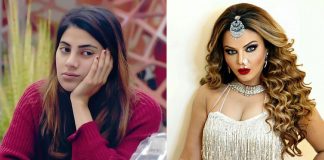 Bigg Boss 14: With Nikki Tamboli in final, guesswork on over who's next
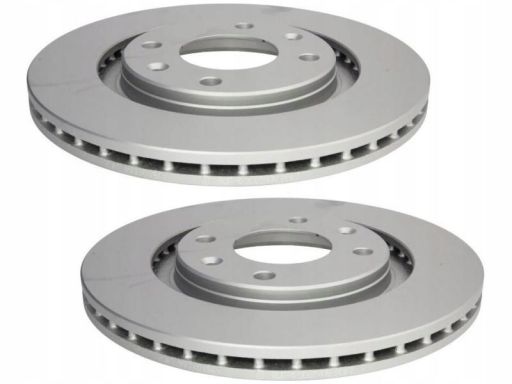 0 986 479 B27 Tarcza Hamulcowa Bosch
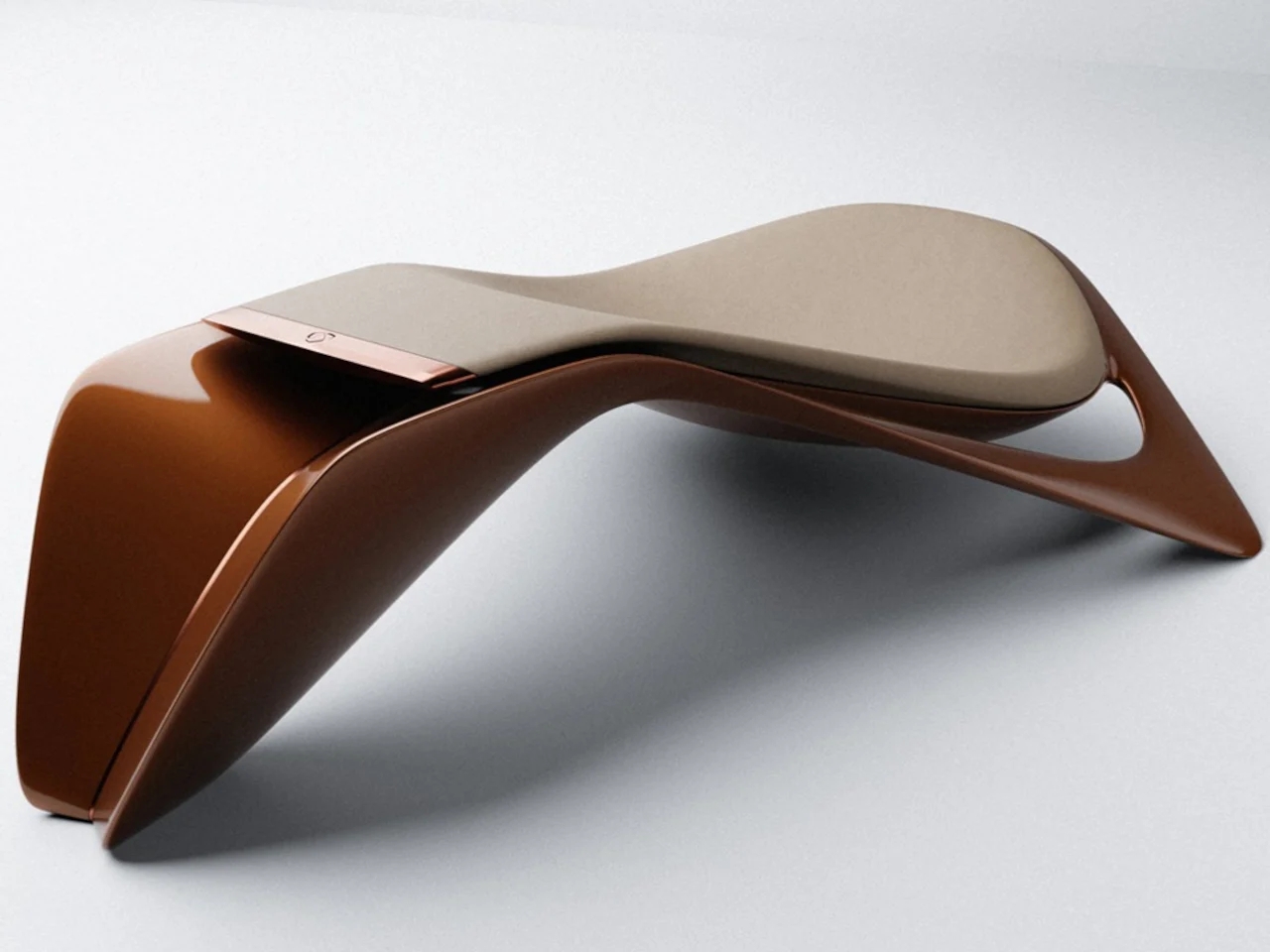 furniture，Element 01，Leisure lounge chair，chair，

**To do:** This task asks for the data above repeated exactly, without a single picture.

**Answer for this exercise:**
 Bigg Boss 14: With Nikki Tamboli in final, guesswork on over who's next
 0 986 479 B27 Tarcza Hamulcowa Bosch
 furniture，Element 01，Leisure lounge chair，chair，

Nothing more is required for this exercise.